Problem description:
From the data below, report how many lines contain the word "Original", giving the number and nothing else.

Material to process:
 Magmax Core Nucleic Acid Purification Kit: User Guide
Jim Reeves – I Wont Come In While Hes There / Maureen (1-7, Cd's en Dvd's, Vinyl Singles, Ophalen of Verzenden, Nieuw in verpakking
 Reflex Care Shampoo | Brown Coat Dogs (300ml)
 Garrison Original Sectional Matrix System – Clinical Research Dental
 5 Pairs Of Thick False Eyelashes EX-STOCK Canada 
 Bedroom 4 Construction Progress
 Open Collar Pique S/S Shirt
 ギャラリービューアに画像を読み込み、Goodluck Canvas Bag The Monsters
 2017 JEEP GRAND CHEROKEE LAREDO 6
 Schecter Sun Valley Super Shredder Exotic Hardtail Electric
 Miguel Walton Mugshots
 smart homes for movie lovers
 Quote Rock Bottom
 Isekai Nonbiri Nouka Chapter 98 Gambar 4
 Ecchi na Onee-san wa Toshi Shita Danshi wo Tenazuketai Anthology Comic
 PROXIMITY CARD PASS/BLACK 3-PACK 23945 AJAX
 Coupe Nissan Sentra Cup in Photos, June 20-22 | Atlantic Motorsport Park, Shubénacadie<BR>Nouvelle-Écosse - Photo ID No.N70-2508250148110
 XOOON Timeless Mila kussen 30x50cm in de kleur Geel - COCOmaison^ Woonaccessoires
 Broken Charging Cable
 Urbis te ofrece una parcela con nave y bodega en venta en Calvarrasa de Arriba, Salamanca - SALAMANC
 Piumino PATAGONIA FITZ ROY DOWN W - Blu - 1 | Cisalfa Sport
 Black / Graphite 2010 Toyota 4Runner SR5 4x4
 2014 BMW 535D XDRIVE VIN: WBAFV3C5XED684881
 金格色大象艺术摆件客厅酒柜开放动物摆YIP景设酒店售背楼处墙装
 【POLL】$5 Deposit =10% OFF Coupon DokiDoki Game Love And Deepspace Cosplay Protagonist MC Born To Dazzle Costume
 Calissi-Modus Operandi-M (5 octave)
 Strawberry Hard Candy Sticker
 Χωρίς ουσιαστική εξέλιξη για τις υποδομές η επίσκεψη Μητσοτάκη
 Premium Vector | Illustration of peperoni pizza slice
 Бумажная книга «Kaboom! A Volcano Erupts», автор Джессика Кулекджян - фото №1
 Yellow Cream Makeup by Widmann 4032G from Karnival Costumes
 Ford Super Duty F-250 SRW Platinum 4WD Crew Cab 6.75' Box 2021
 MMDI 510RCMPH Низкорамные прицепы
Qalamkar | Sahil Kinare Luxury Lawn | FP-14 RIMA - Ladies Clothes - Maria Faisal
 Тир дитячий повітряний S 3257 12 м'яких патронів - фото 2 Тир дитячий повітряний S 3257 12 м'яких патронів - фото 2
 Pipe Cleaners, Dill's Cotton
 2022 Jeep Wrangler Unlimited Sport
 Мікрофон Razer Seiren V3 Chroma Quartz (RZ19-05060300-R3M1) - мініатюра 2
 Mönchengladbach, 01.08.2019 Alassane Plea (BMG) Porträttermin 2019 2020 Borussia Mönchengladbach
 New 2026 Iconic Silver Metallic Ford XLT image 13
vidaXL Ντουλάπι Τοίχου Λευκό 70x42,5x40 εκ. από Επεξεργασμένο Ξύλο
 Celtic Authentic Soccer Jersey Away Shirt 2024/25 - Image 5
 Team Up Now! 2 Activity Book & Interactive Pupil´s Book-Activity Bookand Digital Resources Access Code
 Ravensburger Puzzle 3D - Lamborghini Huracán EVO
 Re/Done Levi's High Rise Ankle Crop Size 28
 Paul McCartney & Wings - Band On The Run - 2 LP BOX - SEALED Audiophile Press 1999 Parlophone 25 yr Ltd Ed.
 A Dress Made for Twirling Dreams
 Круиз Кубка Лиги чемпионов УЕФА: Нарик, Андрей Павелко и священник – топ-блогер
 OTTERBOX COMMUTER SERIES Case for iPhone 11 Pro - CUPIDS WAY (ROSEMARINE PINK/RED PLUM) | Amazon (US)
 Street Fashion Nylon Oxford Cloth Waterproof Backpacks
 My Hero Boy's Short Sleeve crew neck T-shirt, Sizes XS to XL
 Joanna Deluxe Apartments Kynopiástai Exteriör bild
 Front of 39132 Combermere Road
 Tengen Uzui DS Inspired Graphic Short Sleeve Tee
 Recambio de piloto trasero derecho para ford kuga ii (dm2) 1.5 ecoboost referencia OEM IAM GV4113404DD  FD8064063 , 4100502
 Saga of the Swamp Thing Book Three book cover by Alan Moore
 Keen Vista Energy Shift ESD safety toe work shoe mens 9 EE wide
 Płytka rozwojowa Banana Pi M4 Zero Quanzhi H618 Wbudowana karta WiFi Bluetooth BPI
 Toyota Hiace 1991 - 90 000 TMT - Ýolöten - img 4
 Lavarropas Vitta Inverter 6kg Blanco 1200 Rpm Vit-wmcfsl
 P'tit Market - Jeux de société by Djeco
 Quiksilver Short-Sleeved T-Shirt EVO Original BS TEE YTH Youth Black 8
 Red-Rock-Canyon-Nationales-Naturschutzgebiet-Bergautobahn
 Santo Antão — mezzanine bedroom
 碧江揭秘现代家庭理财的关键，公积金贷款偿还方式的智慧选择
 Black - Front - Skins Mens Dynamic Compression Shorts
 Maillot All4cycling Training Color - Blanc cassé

Written response:
2